Hans_3 schrieb:
@Ulf: Neues Thema: PUs.
Unausweichliche Frage: Das Resonanzverhalten der CS ist ja schon mal über jeden Zweifel erhaben. Attack und Sustain überall reichlich vorhanden, wie es bei sehr hochwertig gebauten Gitarren sein muss. Aber wie "gut" (---< blöde Frage) sind eigentlich die Protomatic V ? Sie klingen auf eine bestimmte Resonanzfrequenz sehr stark zugespitzt. Tendenz: Betonung durchsetzungsfähiger Mitten. Das bringt einerseits eine gewisse Charakteristik und Durchsetzungskraft, andererseits: Neugier, wie sich die Git. mit einem Seymour Duncan 56 verhalten würde. Any suggestions?
Einen SD-56 habe ich weder in meiner Datenbank, noch bei SD gefunden. Bin ich blind oder meintest Du einen 59er?
Und jetzt kommen die unausweichlichen Kurven.
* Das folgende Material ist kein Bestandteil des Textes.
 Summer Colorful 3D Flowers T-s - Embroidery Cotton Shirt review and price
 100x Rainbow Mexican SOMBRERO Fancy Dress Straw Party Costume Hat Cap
Die Übertragungscharakteristik eines Protomatic-V
Hier noch einmal die Übertragungscharakteristik der drei von mir gemessenen Protomatic-V:
Wie ist diese Kurve jetzt zu verstehen?
Dieses Bode-Diagramm wird häufig auch als "Frequenzgang" bezeichnet. Korrekterweise müsste es allerdings "Amplitudengang" oder "Amplitudenstatistik" heißen.
Hier wird dargestellt, wie "gut" oder "schlecht" einzelne Frequenzen von einem System übertragen werden. 0 dB bedeutet, daß die Frequenz ungeschwächt übertragen wird. Positive Werte bedeuten eine Verstärkung, negative Werte stehen für eine Dämpfung. Drei Dinge sind jetzt festzustellen:
- Frequenzen bis 700Hz werden so gut wie gar nicht beeinflußt. Eine Anhebung der Bässe erfolgt nicht!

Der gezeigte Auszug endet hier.